Welp! We’ve reached that part of the trip where we’re pretty grounded now– not so much moving around so much as buckling down, getting to the bulk of our coursework, and figuring out living in Galway! This first week was absolutely packed, so I’m gonna do my best to break it up best I can in retrospect.
I find myself fighting an internal war with myself– the days are filled with much going and seeing and doing and studying and I want to write it all down, all while simultaneously doing my best to experience first, and write later. It’s a hard cycle to fall into, so as much as I’d love this travel blog for this journey to be consistent and daily-up-to-date, I know it’ll have to be a mix of scheduling posts, posts uploaded with text first and photos later [because internet LOL], among other things.
But anyways– we’re here now, so let’s get on with it, shall we?
~ june 23, 2019 ~
We arrived in Galway sleepy, tired out, and almost hungover in a sense, after the rigorous 2.5 days we spent in Connemara physically exhausting our bodies. We gathered around a meeting spot in our accommodations and got our individual apartment keys. Since we were going to be here for 4 weeks, we each got an apartment [shared amongst 2-3 people, depending on the space] and our own keys.
I am an absolute fan of our location– on the quieter side of the main part of Galway, but still super close to pretty much everything. Everything is pretty much within a 15 min walk away, which is *super* nice.
Once we got our stuff settled down, we all went out with our professors [who have been in Galway *many* a time before] to get a brief tour of the city’s main spots, [including the theatre where some of the films would be screened for the festival] as well as to get a look of where we would be working– the Foróige office that has the youth hangout/headquarters spot. As a program, our group is tackling the topic of food waste, food insecurity, and food sustainability in Galway, with the aims of treating Galway as a microcosm for larger areas suffering from food waste.
We were broken into teams: a web team, a multimedia team, an audio/video team, and a storytelling team, all which would work together to produce a website with content such as interviews, surveys, local studies, and infographics/other media that explore the aforementioned topics.

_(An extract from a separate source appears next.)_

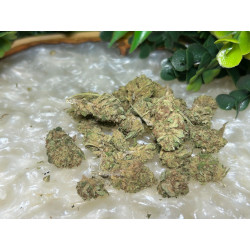 Silver peach CBD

We ended the day with a group dinner at Massimo, a really nice local spot for Irish cuisine as well as a host of other food. There we perused the booklet for the Film Fleadh [Festival], looking at all the films that would be playing there and trying to decide which ones we were gonna see.
Afterwards, my roommates and I went to go grab some groceries at one of the local supermarkets, Joyce’s. Now that we were settled into a whole apartment, it was a relief to know that we could do some of our own cooking instead of eating out every night and spending a fortune *coughDublinwasexpensivecough* It was yet another reminder of some of the cultural differences between grocery stores in the US and Ireland. First of all, if you wanted a shopping cart, you had to insert a coin to unlock it from the rest of its flock, and then when you returned it, it would give you your coin back [guess that’s just a way of them making sure people don’t steal them!].
Secondly, the biggest tub of ice cream I could find there is about a 30 oz tub. I think about the gallon size containers we have in the US and just how MUCH that is compared to here. I love ice cream and all, it just made me realize how *much stuff* we have in stores.
Thirdly, baked goods are all left out loose on display. Whatever they bake throughout the day, especially the fresh pastries and breads and muffins, they just sit out on the display and you take what you want in little bags or paper bags. Crazy.
That being said though, generally speaking, groceries are much less expensive here, especially for fresh fruits and vegetables.
I may or may not have made a *significant* dent in the ice cream that night, anticipating the next day’s adventures and conked out from exhaustion.